It's doing pretty well, I think. Early on, Richard and his teammates expressed concern about the game's Mixed rating on Steam, but they've solicited enough reviews to keep it at 70%, which means that the clear majority of players are happy. Surely most games can't say that! 90% of people who bought the game have played it, which is very high for its genre -- for instance, the game that it was apparently based on, Out There: Omega, has only 80% of its purchasers playing, and other similar tier space games have even worse player rates (50% for Flotilla and 68% for Space Pirates and Zombies). It has considerably outperformed similar low-budget rogue-like space games that have come out after the "indie boom" -- like Space Rogue (8000 sold), Distant Star (17500 sold), Star Command Galaxies (9000 sold). On GOG, its top review is a glowing five-star review and it has a very strong four-star average (Space Rogue is 3.5, by contrast).
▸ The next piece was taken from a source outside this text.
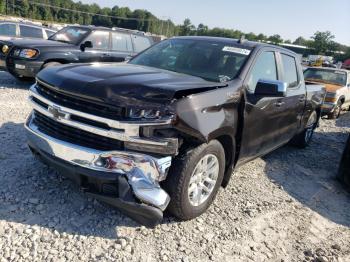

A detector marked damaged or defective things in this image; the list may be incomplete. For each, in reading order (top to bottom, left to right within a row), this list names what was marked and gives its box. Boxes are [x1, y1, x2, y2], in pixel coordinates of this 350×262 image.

damaged hood [36, 62, 227, 106]
crushed bumper [24, 113, 172, 226]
It was never going to be FTL: it lacked the easy name recognition from a successful Kickstarter, it didn't come out during the indie game boom, it didn't have Chris Avellone attached to it, it costs four times as much, etc. You can't expect a scrappy team like Daedelic West to compete with something like that, or to catch lighting in a bottle at the same place twice, to mix idioms. What they did was go into a very crowded genre, without name recognition or a huge budget, and won the hearts of almost all their players -- even the heart of the Codex! And they made millions of dollars to boot.
Also, remember that the PC was just an extended balancing test environment for the console launch. They've now had an opportunity to reset the difficulty to a more casual level, so when it gets its main release on PS4 and XBox, it'll big a huge hit.